# Provided data:
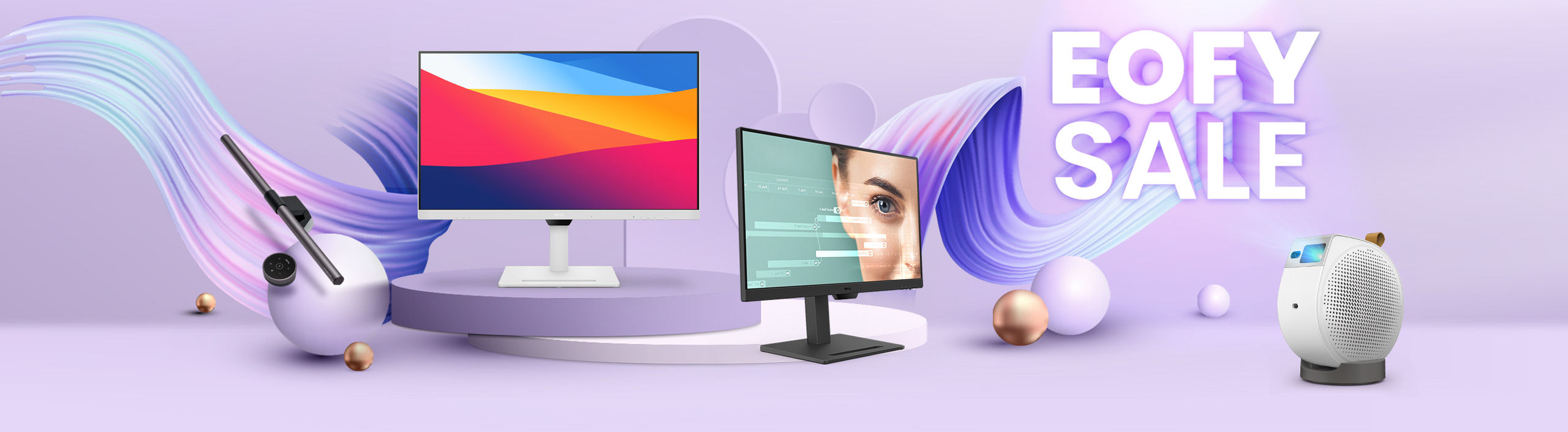 BenQ Australia EOFY Cash Back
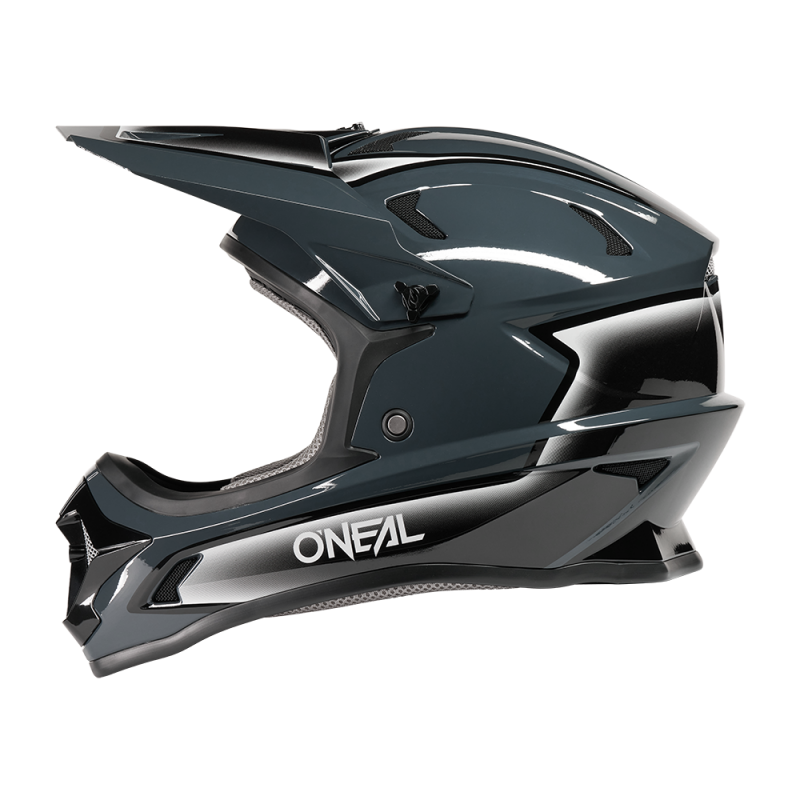Вело каска O'NEAL SONUS SLICK BLACK/GRAY V.26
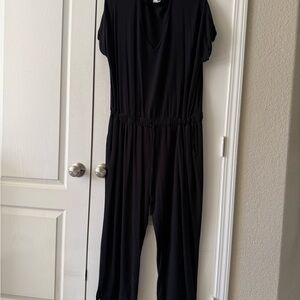 Caslon Black Jumpsuit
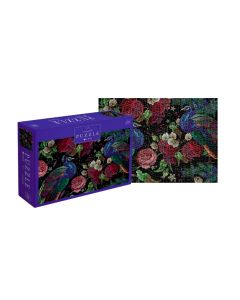 Palapeli Interdruk 100o palaa - Secret Garden 7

# Problem statement:
Produce the data again character for character, with the images left out.

# Result for this exercise:
 BenQ Australia EOFY Cash Back
Вело каска O'NEAL SONUS SLICK BLACK/GRAY V.26
 Caslon Black Jumpsuit
 Palapeli Interdruk 100o palaa - Secret Garden 7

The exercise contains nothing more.